I've never tried this, but it makes sense, is to store them under a small amount of pressure, as to keep the fuel from leaking out. There are good videos on youtube on using jars with a small hole in the cap and electrical tape loose on one end over the hole. They are using it for vacuum, however by putting the tape on the other side of the lid, I am sure it would also work for pressure. I would advise not applying too much pressure though to the jars only a pound or two, would be my advice. AGAIN, I DO NOT KNOW HOW MUCH PRESSURE A MASON JAR WILL HOLD, IF YOU TRY THIS BE CAREFUL AND WEAR EYE,HAND FACE PROTECTION PROTECTION.


----------



## Notsoyoung

I have found old bic lighters in the back of a drawer or a box that was 2 to 3 years old and they still worked, but it is hard to say how much of the gas evaporated. I seem to remember hearing some where of vacuum packing them and sticking them in a freezer will preserve them for a longer period of time. I believe the theory being that as the internal gas gets colder it contracts and the pressure is reduced.


----------



## pheniox17

I really can't give you a real timeline on them lasting, 10+ years I can say through experience just kept in a cool dry place (well all the above is almost impossible here) but that's through experience...


----------



## Slippy

We have some Bic lighters that are approaching 8 years old and still work. I've got some stored in ziploc bags, and some in the original plastic and cardboard that they come in, and a couple in myar bags. They may have lost a little fuel to evaporation but they all still work. (I didn't try the ones in mylar). Moonshinedave has a good suggestion I think.


----------



## MI.oldguy

I just tried our 3 yr old bics,they work fine.our el cheepo clear ones look half gone but do work,cant tell with the bics how full.don't smell butane in the bucket they were in if that's any consolation.the flints in all of them seem fine as the buckets are airtight.
our sparkies,thats what I call our bbq lighters were fine and looked fully charged.of course,always keep other methods of fire too,matches,sparkers, etc.


----------



## Prepp(g)er

Notsoyoung said:


> I have found old bic lighters in the back of a drawer or a box that was 2 to 3 years old and they still worked, but it is hard to say how much of the gas evaporated. I seem to remember hearing some where of vacuum packing them and sticking them in a freezer will preserve them for a longer period of time. I believe the theory being that as the internal gas gets colder it contracts and the pressure is reduced.

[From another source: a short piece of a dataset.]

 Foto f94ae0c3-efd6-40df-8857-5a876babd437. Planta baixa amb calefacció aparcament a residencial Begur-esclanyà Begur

@notsoyoung: i enjoyed your previous posts so far, so please don't take this the wrong way. i much respect you and your knowledge...
isn't what you want for storage, that the gas inside doesn't come out? what good will a vacuum do? if there's a leak in the lighter, or the seal isn't totally tight, the only thing a vac will do is suck out more gas. therefore emptying the lighters faster. my understanding of physics at least makes me believe that this would happen.

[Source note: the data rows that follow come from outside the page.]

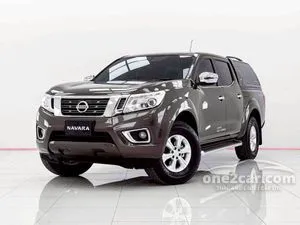 2015 Nissan NP 300 Navara 2.5 Calibre E Double Cab Pickup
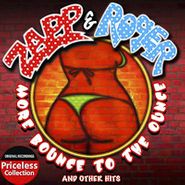 Zapp & Roger, More Bounce To The Ounce (CD)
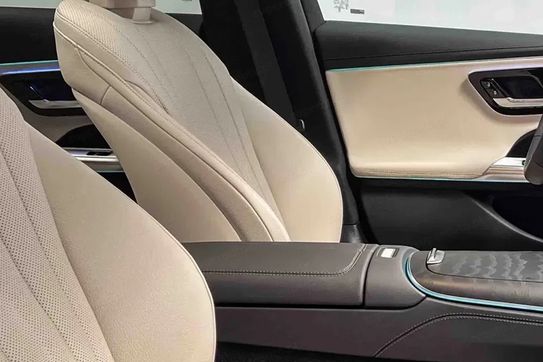 Mercedes Klasa E 220 d 4-Matic AMG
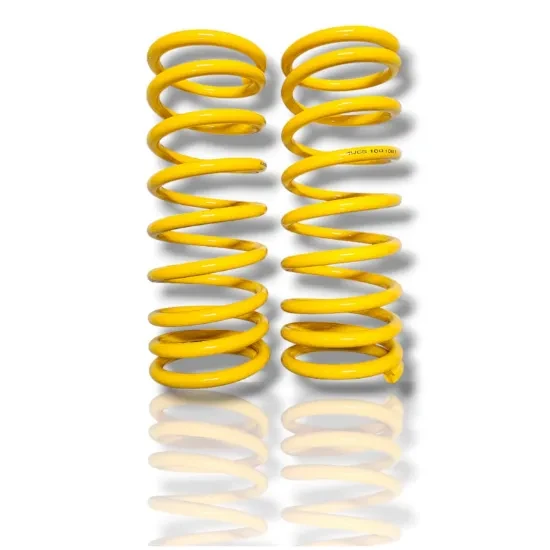 سبرنج دودج رام أمامي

@ budgetp: i have been smoking for more than 10 years and still find old bics everywhere. so far only 2 of about 30 were low on gas, but not completely empty. and i don't even know if they weren't almost empty before. i think they are no methods of storing them that are better than the usual dark and cool. everything else is just useless imo.

just make sure, that you get those without electric ignition. because the ignition system on the old- fashioned ones will last forever


----------



## Infidel

budgetprepp-n said:


> I was thinking of ordering a case of bic lighters.
> Will they last in storage? Can the fuel escape?
> And how should they be stored?


I have a plethora of bic lighters laying around here and all hold fuel. I always end up buying one when the zippo runs out of fuel and I'm not at home so they get used once and then get thrown in a drawer. Personally I think a zippo, some flints and a couple cans of fuel might be a better choice than the bic lighters if solely for the windproof aspect of the zippo. The zippo fuel is also useful for other things so in my opinion a better value than the bic although the bic lighters are certainly cheap enough.

-Infidel


----------



## bad

Consider a couple of propane torches. Ours has a self starter. Lights every time. They are more bulky. Great for lighting fires and small cooking chores besides their original use as a general purpose torch,


----------



## Ripon

Paying Montana Rancher....isn't this one of his gigs? I thought he'd know. Being a life long non smoker and purveyor of no lighters aren't there the kind which use kerosene which can be refilled?


----------



## Nathan Jefferson

Bic lighters last for years, and while you might lose some of the gas I'm pretty certain you will have a lot of juice left if you don't use them and let them sit for years. 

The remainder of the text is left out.